Diese Freiheit können wir aber verlieren – vielleicht schneller, als wir uns das alle vorstellen können.
Als der junge Leutnant Ewald von Kleist seinen Vater um Rat fragte, ob er sich den Verschwörern um den Grafen Stauffenberg anschließen solle, antwortete dieser: „Du musst es tun! Wenn Du es nicht tust, wirst Du in Deinem Leben keine ruhige Stunde mehr haben.“
Meine Damen und Herren,
ich vertraue auf die große Mehrheit der Menschen in Deutschland, die Freiheit, Menschenwürde, Demokratie und Rechtsstaat verpflichtet sind und diese unverrückbaren Grundlagen unserer Gesellschaft achten und vor allem auch zu schätzen wissen.
Es braucht aber auch den Willen, diese Prinzipien zu verteidigen. Demokratinnen und Demokraten dürfen es nie wieder zulassen, dass sie nur unter Einsatz ihres Lebens und mit Hilfe eines Attentates wieder eine Perspektive für ein Leben in Freiheit, Würde und Demokratie erlangen können.

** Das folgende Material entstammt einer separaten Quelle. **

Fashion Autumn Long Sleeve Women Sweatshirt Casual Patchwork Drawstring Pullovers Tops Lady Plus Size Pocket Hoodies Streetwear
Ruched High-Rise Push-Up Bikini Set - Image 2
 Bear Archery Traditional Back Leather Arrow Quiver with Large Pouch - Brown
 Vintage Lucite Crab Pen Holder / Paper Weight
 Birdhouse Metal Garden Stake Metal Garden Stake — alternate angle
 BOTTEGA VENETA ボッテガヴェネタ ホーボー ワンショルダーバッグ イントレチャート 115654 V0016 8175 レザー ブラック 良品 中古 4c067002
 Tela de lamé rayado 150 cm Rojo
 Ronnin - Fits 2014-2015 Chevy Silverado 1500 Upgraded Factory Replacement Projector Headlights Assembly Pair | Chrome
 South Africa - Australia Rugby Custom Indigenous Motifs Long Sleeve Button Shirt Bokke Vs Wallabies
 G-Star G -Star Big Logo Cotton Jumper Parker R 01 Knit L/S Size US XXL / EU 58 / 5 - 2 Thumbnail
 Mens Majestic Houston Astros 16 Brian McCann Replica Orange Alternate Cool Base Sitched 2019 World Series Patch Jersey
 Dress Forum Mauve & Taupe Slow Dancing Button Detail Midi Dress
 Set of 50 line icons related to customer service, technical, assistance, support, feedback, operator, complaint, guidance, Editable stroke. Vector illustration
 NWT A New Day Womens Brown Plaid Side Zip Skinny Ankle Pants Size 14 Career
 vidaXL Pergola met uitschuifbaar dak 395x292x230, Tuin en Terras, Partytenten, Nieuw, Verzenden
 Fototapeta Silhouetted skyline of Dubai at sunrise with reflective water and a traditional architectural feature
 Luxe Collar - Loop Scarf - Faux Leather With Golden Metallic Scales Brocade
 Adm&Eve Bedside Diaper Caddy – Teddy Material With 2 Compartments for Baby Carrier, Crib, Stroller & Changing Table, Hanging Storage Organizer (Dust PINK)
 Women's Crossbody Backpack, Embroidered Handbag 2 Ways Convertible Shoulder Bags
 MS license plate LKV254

Wehren wir den Anfängen, damit ein 20. Juli 1944 nie wieder notwendig sein wird. Gedenken wir der vielen Frauen und Männer, die als Widerständige gegen das NS-Regime ihr Leben riskierten oder sogar ihr Leben verloren.
Zu diesem Andenken gehört auch der Auftrag, das Vermächtnis der Widerständigen gegen das NS-Regime vor Vereinnahmungen durch Rechtsextremisten zu schützen. Dass am morgigen 20. Juli ein sogenanntes Vernetzungstreffen dieser demokratiefeindlichen Kräfte in unserem Land stattfindet, ist ein bewusster und völlig inakzeptabler Versuch, sich in die Tradition des Widerstandes zu stellen.
Wir Abgeordneten des Schleswig-Holsteinischen Landtages sagen dazu klar und deutlich: die Menschen, die zwischen 1933 und 1945 den Nazis die Stirn boten und sich gegen die menschenverachtende Ideologie stellten, gehören zu unseren besten freiheitlich-demokratischen Traditionen.
Diese lassen wir uns nicht nehmen! Vor allem auch im Namen der Nachkommen der Widerständigen vom 20. Juli 1944 sage ich deshalb ausdrücklich: die Antidemokraten von Rechts stehen nicht für das, was die Männer und Frauen des damaligen Widerstandes erreichen wollten.
Meine Damen und Herren,
auch wenn es letztlich der Befreiung durch die Alliierten am 8. Mai 1945 rund 10 Monate später bedurfte, so bleibt der morgige Tag, der 20. Juli, ein wichtiger Tag im Geschichtsbuch Deutschlands. Ein Tag, der uns dazu mahnt, für Demokratie, Freiheit und Rechtsstaat einzustehen und in unserem Land nie wieder eine Diktatur des Unrechts und eine Herrschaft des Hasses und des Rassismus zuzulassen.